-------- RECORDED DATA --------

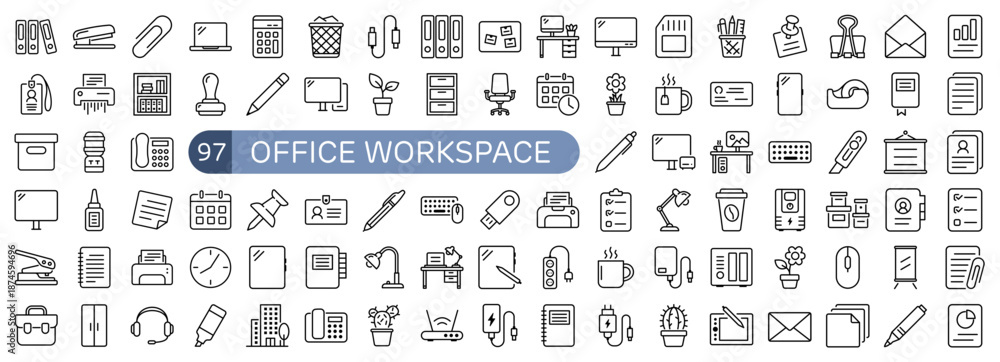 Fototapeta premium Office Workspace Essentials Icon Set Outline Style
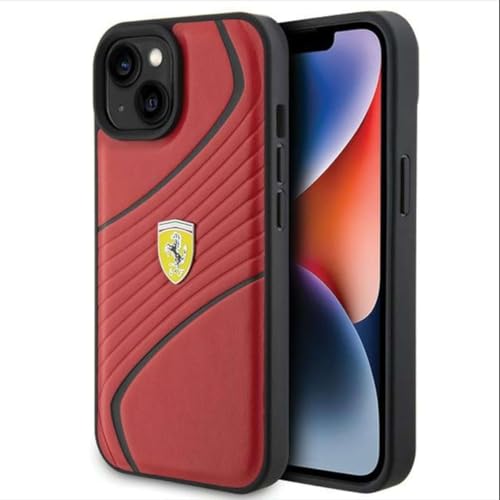 Ferrari FEHCP15SPTWR Hülle für iPhone 15 6.1" Rot hardcase Twist Metal Logo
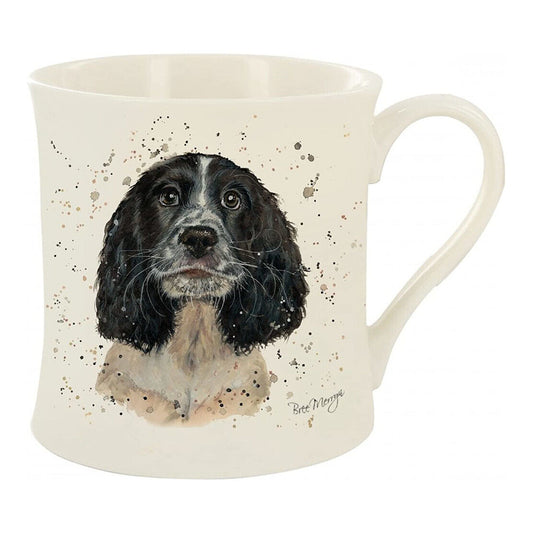 The Gift Pod Morpeth | Bree Merryn design | Fine China Mug | Black Springer Dog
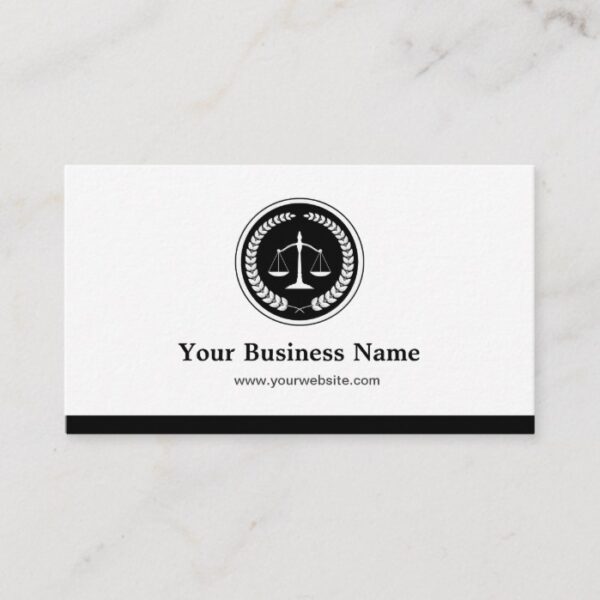 Scale of Justice Lawyer Attorney - Simple Elegant Business Card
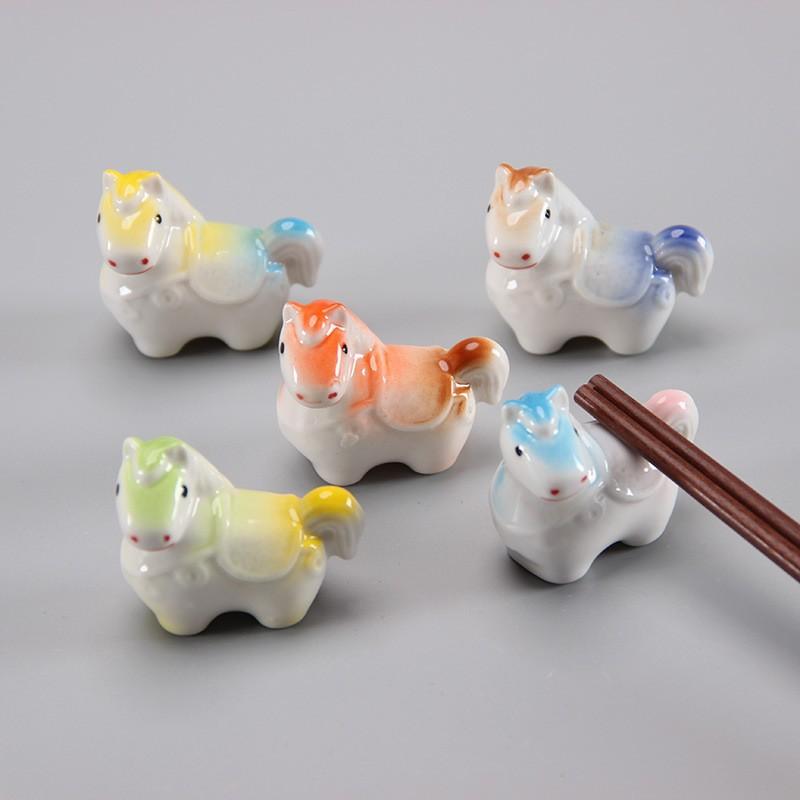 Ceramic Chopsticks Pillow Cartoon Chinese Zodiac Horse Chopstick Rest Home Decoration Chopsticks Chopsticks Holder Spoon Holder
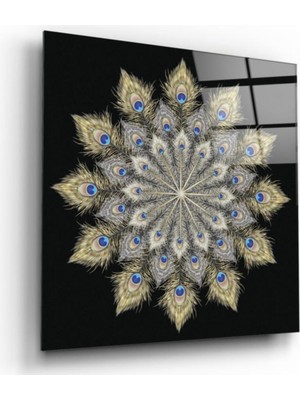 Kırmızı Ayı Desen Cam Tablo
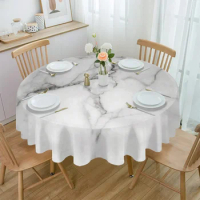 White Marble Crackle Round Tablecloths for Dining Table Waterproof Table Cover for Kitchen Living Room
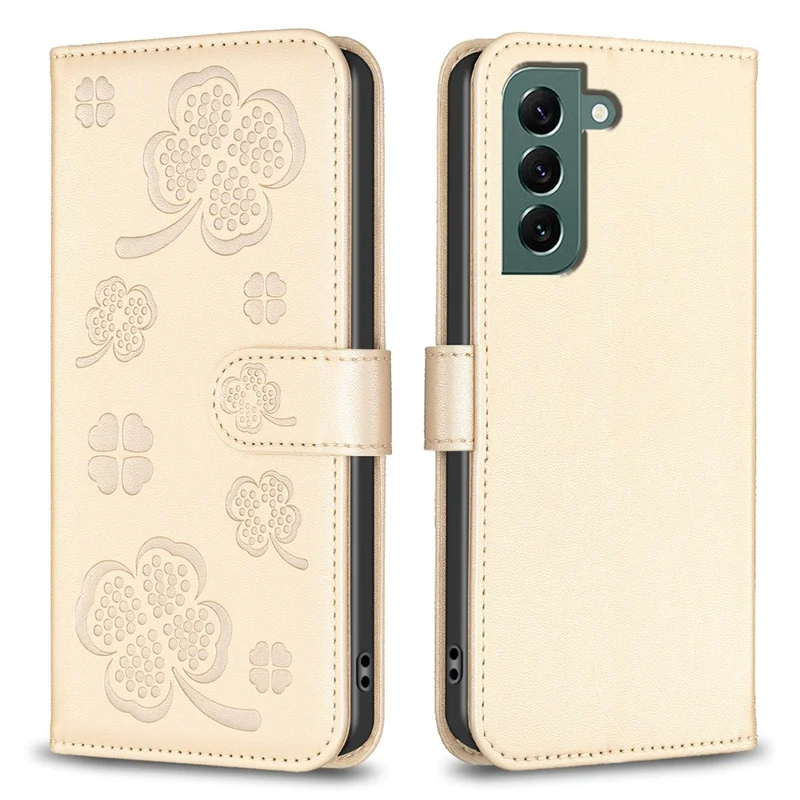 For Samsung Galaxy S23 FE Case Clover Pattern Leather Wallet Flip Phone Cover - Gold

--------

In your copy, include no pictures, but set down every record exactly.

ANSWER TO THE EXERCISE
 Fototapeta premium Office Workspace Essentials Icon Set Outline Style
 Ferrari FEHCP15SPTWR Hülle für iPhone 15 6.1" Rot hardcase Twist Metal Logo
 The Gift Pod Morpeth | Bree Merryn design | Fine China Mug | Black Springer Dog
 Scale of Justice Lawyer Attorney - Simple Elegant Business Card
 Ceramic Chopsticks Pillow Cartoon Chinese Zodiac Horse Chopstick Rest Home Decoration Chopsticks Chopsticks Holder Spoon Holder
 Kırmızı Ayı Desen Cam Tablo
 White Marble Crackle Round Tablecloths for Dining Table Waterproof Table Cover for Kitchen Living Room
 For Samsung Galaxy S23 FE Case Clover Pattern Leather Wallet Flip Phone Cover - Gold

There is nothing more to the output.